Nous, usagers des services publics, issus de l’immigration et habitants en grand nombre des quartiers populaires, nous nous élevons aujourd’hui contre la situation catastrophique des services publics qui n’en finissent plus de se désertifier, de se délabrer, et de nous discriminer. Si les discriminations font système dans ce pays, le rôle des services publics pourrait être au moins de les atténuer, par des financements volontaristes ou par des mesures prioritaires. Or, ce sont précisément ces moyens de "compensation"qui sont aujourd’hui démantelés.
Il n’est que de regarder l’état du 93 où la relégation, la précarité,le chômage, le mépris, les discriminations, les violences et l’insalubrité atteignent des sommets de honte. Ces réalités envahissent pourtant le quotidien de populations qui sont parmi les plus démunies de ce pays. Ce sont autant d’injustices auxquelles les services publics ne remédient pas, quand l’incurie de leur gestion ne les laisse pas tout simplement pourrir. D’ailleurs, le désengagement des autorités est tel – de l’aveu même de certains fonctionnaires et de leurs syndicats – que c’est l’accès même à ces services publics qui est remis en cause aujourd’hui pour les personnes les plus précaires.
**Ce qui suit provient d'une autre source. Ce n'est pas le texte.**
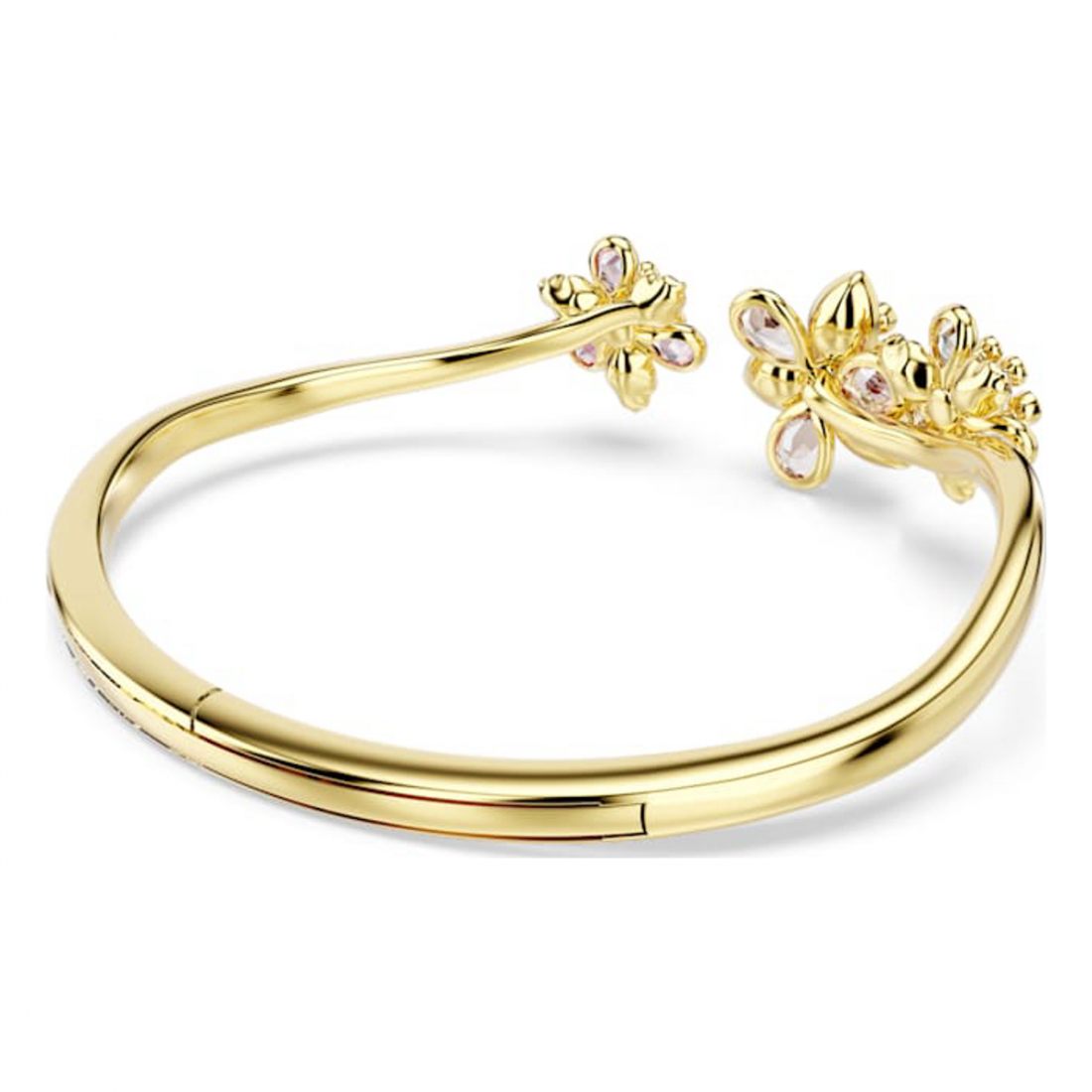 Women's 'Idyllia' Bangle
Nous appelons donc à une mobilisation massive et déterminée car nous en avons assez devoir se déployer devant nos yeux cette gestion coloniale des quartiers,
Assez de voir nos hôpitaux et leurs services se détériorer dangereusement, être toujours plus saturés et toujours moins aptes à assurer leurs missions,
Assez de subir les conséquences de suppressions massives d’emplois administratifs dans l’ensemble des services publics de proximité comme la Poste, la protection sociale, Pôle emploi, les finances publiques ou l’énergie,
Assez de constater qu’en parallèle de ces régressions, le déploiement sécuritaire ne fait, quant à lui, que de se renforcer, et qu’on voit fleurir des commissariats là où nous aurions davantage besoin d’hopitaux en bon état et de points d’accueils administratifs,
Assez de voir que le dématérialisation administrative censée faciliter les démarches ne se soucie aucunement, par exemple, des populations maîtrisant mal le français,se voyant dés lors contraintes de se déplacer dans des points d’accueils envoie de disparition, au prix de longues et douloureuses files d’attente,
Assez de voir nos collectivités – souvent les plus pauvres - toujours moins dotées,toujours moins aptes à nous soutenir, toujours moins en mesure de nous servir,
Assez de voir nos enfants être scolarisés dans des établissements hypocritement classés en « éducation prioritaire » alors que l’Etat – suivant le sens de ses « priorités » - dépense deux fois plus d’argent pour la scolarité d’un élève parisien que pour celle d’un élève du 93,
Assez de voir la répression s’abattre sur les lycéens, les étudiants et les enseignants dès lors que ces derniers dénoncent les injustices et tentent de s’organiser.
Assez de voir la laïcité instrumentalisée à des fins racistes, islamophobes et discriminantes, excluant encore et toujours les mêmes personnes de l’école et de l’accès au savoir.
Assez de voir que, faute de remplacements, des élèves de Seine Saint-Denis perdent jusqu’à une année entière de cours tout au long de leur cursus, jusqu’au baccalauréat,
Et avec cela, nous sommes plus que jamais révoltés de constater qu’après une scolarité qui ne leur a en rien été facilitée, nos bacheliers sont aujourd’hui condamnés à suivre la loi de Parcoursup et de son algorithme qui les discrimine– même les plus brillants - dans l’accès aux universités parisiennes et aux grandes écoles. Car nous n’oublions pas que toute cette génération née dans les années 2000 – notamment en banlieue – a été constamment déconsidérée voire oubliée par des pouvoirs publics qui n’auront jamais construit les écoles et universités pour les accueillir. Aujourd’hui, les élèves de banlieue et des quartiers populaires sont les premiers à payer le prix de cet abandon, les premiers sacrifiés.
Face à des services publics qui ne cessent donc de nous discriminer,qui assurent de moins en moins leurs missions à nos égards, qui abandonnent les populations les plus démunies et qui menacent plus que jamais la formation et l’avenir de nos enfants, nous vous appelons à vous mobiliser :
Le 30 novembre 2018,contre le racisme et les inégalités sociales, on disparaît de nos lieux de travail, de nos facs, de nos écoles, des réseaux sociaux, des lieux de consommation.
Et le 1er décembre,on réapparaît sur toutes les grandes places des villes, pour exiger Egalité et Dignité pour tous et toutes.